It’s hard to step foot in the Hudson Valley without coming across some sliver of history. Tales of centuries past abound from Albany to Westchester, popping up in local museums, historic houses, and even street signs. Spanning from the age of the dinosaurs and the Revolutionary War to heyday of the Borscht Belt and the Irish Alps, the whispers of days long gone live on throughout the region.
Turns out, they live on quite a bit longer than everyone thought.
In a new study published this December in Current Biology, scientists discovered evidence of the oldest forest in the world right here in the Hudson Valley. Their report, which centers around a site in Cairo, is the latest effort in a research project that began in 1993. It’s a collaborative effort between Binghamton University’s William Stein, Cardiff University’s Dr. Christopher Berry, the New York State Museum, and the New York Paleontologists.
Working together, the group estimates the Hudson Valley forest to be approximately 386 million years old.
While the discovery of the forest’s age is new for 2019, the group’s research in Cairo is not. After beginning studies in the region in 1993, the collective made significant inroads in 2007 and 2008 when they learned to recognize the bases of two types of fossil trees. According to Berry, one is the large rooting system of the Archaeopteris tree, while the other is the dish-like imprint of the Cladoxylopsid tree, which contains hundreds of radiating roots.
“These Cladoxylopsid trees had their origin a few million years earlier and are thought to be the first type of tree on the planet,“ Berry explains. Two years later, in 2010, Stein and Frank Mannolini from the New York State Museum recognized the same type of tree bases coming from the mud at the bottom of Gilboa’s Riverside Quarry, which dates to the Devonian period. They focused their research in Gilboa for a number of years, since it was widely considered the world’s first forest and contains visible tree fossils. At Cairo, on the other hand, only root impressions are still visible.
In the newest segment of the study, Stein and his team mapped around 3,000 square meters of the historic forest in Cairo. Based on an analysis of the two principal trees by Berry and Stein, they determined the forest to be close to 400 million years old.
In doing so, they also identified what the trees in question looked like. According to Berry, the Archaeopteris was a large tree with broad green leaves, a solid trunk, and a modern-seeming root system. The Cladoxylopsid, meanwhile, had branches with twiggy leaves attached to a mostly hollow trunk supported by ribbon-like roots. They both grew in soil that was seasonally dry.

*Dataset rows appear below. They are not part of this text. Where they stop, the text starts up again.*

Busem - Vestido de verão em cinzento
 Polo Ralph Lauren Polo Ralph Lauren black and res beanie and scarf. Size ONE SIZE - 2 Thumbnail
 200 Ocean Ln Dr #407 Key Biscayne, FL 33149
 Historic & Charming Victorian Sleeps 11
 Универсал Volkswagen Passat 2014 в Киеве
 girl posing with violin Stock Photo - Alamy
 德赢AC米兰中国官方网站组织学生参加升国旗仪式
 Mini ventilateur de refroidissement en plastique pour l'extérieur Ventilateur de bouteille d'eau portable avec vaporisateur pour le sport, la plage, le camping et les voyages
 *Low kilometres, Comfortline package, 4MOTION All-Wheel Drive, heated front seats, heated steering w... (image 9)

While the group’s discovery in Cairo is significant in itself, it’s even more noteworthy because it refutes the previously accepted information that the site of Gilboa, a mere 40 minutes away, was the oldest forest in the world. In fact, the Gilboa forest is a few million years younger and had soil that was permanently wet. Unlike the Cairo forest, the Gilboa one saw Cladoxylopsids as the dominant trees, with nary an Archaeopteris in sight.
So what does the discovery mean in the context of the Hudson Valley’s natural history?
“What we are really seeing here, taking into account all the evidence, is that there were different types of forests growing in different types of environments on the Catskill Delta during this time,” Berry explains.
Next up, he and Stein are collaborating with researchers from Sheffield University in the United Kingdom to analyze how the trees growing during that time impacted the soil and its nutrients.
“Soil forming processes, including the activity of roots and their associated fungi, were important in that they are likely to have increased the rate at which forest growth drew down carbon dioxide from the atmosphere,” he notes. “We are trying not only to understand the early forests and trees and what they looked like, but also how they impacted the evolution of the planet.”